Soon after AT&T chief Ed Whitacre announced his plans to accept his company's $161 million retirement offer, the phone colossus announced Big Ed's replacement.
Randall Stephenson, onetime SBC Chief Operating Officer, will attempt to fill the shoes of the man who once called all of us "nuts" for thinking the Internet should remain free from phone company discrimination.
Whitacre Version 2.0 |
Stephenson's statement makes it clear that he intends to carry forward Whitacre's plan to block or degrade high-speed content of anyone who has not struck a special deal with AT&T.
It is typical for broadband providers to bill their customers, and only their customers, for access to the Internet.
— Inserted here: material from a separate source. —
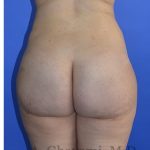 Buttock Augmentation Before & After Patient #8277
What Stephenson and Whitacre are talking about is a scheme to ransom off access to these customers to the highest bidders -- to add another toll, charging sites for first-in-line access to your connection.
For AT&T it's not just about delivering "your world" but about charging others for the privilege to enter "your world" in front of those that you'd prefer. The problem, of course, is that they're selling out your free choice in the process.
Stephenson scheme forces users to the sites that AT&T prefers. The phone and cable companies claim that this sort of discriminatory “double dipping” -- charging both consumers and content providers -- is necessary for them to provide the high speed services that Americans demand.
"While it’s one way to earn cash, it’s just too close to the Tony Soprano vision of networking: Use your position to make threats and extract payments," writes Columbia Law Professor Tim Wu. "This is similar to the outlawed, but still common, 'payola' schemes in the radio world. Yes, there’s money in such schemes, but they aren’t good for the industry or the country."
Whitacre and Stephenson's scheme is a fundamental shift in the neutral way the Internet has always worked. In essence, it takes away user choice -- the most basic tenet of the Internet – and hands it to AT&T.
It also tilts the Web’s even playing field to favor the larger corporations, while handicapping the Internet’s true innovators who can't afford to buy in to AT&T's protection racket.